Scraped caption text data:
*** Begin section ***

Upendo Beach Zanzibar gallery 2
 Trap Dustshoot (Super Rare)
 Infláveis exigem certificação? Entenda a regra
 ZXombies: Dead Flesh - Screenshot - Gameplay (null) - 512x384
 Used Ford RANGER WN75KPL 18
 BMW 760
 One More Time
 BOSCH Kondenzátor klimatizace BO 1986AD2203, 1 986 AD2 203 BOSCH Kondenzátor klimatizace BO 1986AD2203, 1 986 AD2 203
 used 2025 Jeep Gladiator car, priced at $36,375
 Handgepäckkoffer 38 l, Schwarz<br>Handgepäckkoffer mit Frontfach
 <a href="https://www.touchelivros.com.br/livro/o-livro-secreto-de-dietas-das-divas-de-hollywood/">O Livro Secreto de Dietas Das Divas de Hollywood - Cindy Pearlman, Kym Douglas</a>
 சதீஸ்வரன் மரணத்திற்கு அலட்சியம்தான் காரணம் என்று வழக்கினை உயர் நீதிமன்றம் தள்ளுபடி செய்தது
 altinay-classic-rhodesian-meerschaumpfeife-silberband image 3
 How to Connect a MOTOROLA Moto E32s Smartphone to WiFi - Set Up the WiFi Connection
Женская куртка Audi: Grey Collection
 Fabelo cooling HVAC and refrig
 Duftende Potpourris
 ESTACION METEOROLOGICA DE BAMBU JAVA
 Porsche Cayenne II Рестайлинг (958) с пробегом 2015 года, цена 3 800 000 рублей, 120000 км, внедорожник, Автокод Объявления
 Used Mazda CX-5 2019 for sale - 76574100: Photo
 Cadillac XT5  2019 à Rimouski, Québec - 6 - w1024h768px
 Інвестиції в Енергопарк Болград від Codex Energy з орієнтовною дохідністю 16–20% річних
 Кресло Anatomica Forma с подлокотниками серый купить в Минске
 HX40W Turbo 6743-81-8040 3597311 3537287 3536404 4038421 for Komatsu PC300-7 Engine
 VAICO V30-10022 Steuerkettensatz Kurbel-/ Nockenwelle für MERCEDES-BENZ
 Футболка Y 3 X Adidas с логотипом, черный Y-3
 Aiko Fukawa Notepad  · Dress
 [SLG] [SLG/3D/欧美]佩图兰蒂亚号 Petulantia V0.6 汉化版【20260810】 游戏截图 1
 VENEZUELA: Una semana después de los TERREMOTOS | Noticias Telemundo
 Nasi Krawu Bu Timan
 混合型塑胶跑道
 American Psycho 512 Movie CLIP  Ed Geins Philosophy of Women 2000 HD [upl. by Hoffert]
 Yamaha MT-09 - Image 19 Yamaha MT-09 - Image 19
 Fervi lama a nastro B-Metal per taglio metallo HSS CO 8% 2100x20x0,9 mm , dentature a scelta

*** End section ***

> Your task: Give again, word for word, every line from the one holding "American Psycho 512" to the end of the data.

> Response area:
 American Psycho 512 Movie CLIP  Ed Geins Philosophy of Women 2000 HD [upl. by Hoffert]
 Yamaha MT-09 - Image 19 Yamaha MT-09 - Image 19
 Fervi lama a nastro B-Metal per taglio metallo HSS CO 8% 2100x20x0,9 mm , dentature a scelta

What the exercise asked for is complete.